I've met Clapham and took a mini-course he taught in Omaha last year. It was good information on techniques for assessing little stuff in the public financial information that can signal bigger adverse stuff happening within a company.

Buying the dip recklessly without study has never been advisable, yes? The period since 2009 has rewarded more broadly the buy the dip strategy without much deep stock analysis in part because the US stock market has been favorably bolstered by the net positive funds coming into the market day-after-day. It has been a long time since the financial conveyor has operated in reverse (more monies going out than coming into the market). Many sharp minds are voicing thoughts about the financial conveyors signaling a reversing. There are also scientific minds saying the North and South Poles are close to a reversing, too. Who knows what adverse complications the reversing of the Poles will create. We are to adapt to our conditions be they physical or fiscal. This is why we read each other's comments on this board to find ways to adapt. Additional information: some scientists today say Darwin's comments about "survival of the fittest" was meant to convey "survival of the best adapted".

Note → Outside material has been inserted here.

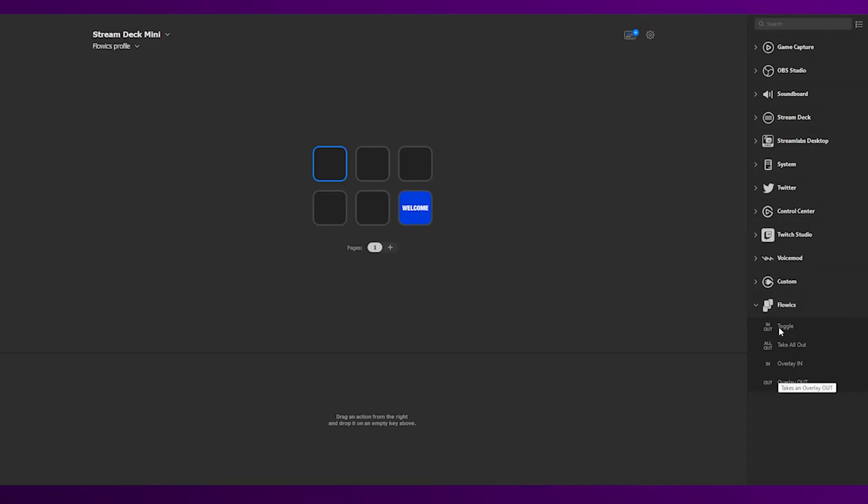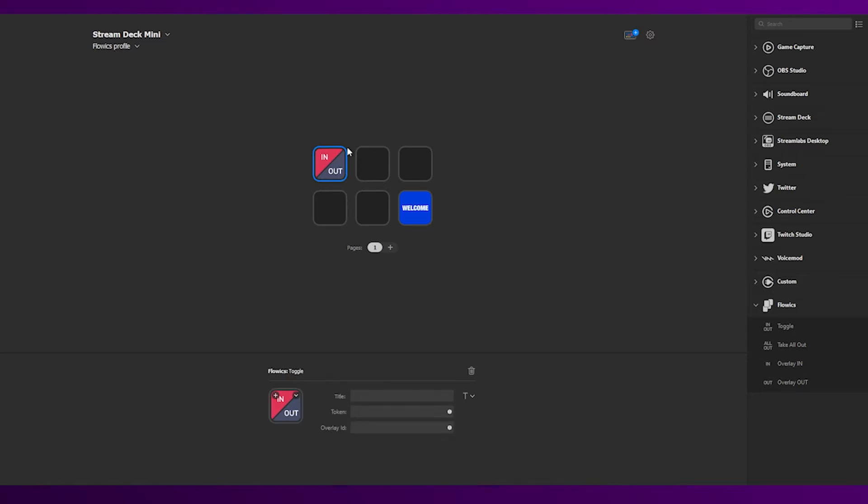So let's go ahead and drag the toggle and drop it into one of the available buttons. Let's set it up.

The 1970s to early 1980s (1982 end point) were simply horrible in terms of overall market valuation growth amid an inflationary period (you could make the case stocks went down considerably more than the historical record shows when discounting for inflation's effect on the dollar). Still, there were numerous investors who made great valuation gains in their portfolios via buying quality companies at cheap prices, harvesting dividends and holding on until valuations returned to normal. We have seen more recent periods where the market languishes and yet sharp investors have bought quality companies when they were cheap and benefited over the long haul. If one has studied a company, its market, its competitors, its management, its products/services, its internal growth in people and products and the like and feels it is a worthy long-term buy and hold, then buying on the dip is warranted.

Is that not the philosophy of most of the participants on this forum board to identify quality companies at fair prices and then to hold onto those companies until a future day when the investment will be sold for retirement funding or given away to family members or charities (and a portion to our silent partners: Federal and State tax authorities)? I say we have fun and make some long term money by studying companies, finding those worthy of our investment when they meet our Margin of Safety threshold aspects and loading up when Mr. Market has a bad day or group of days.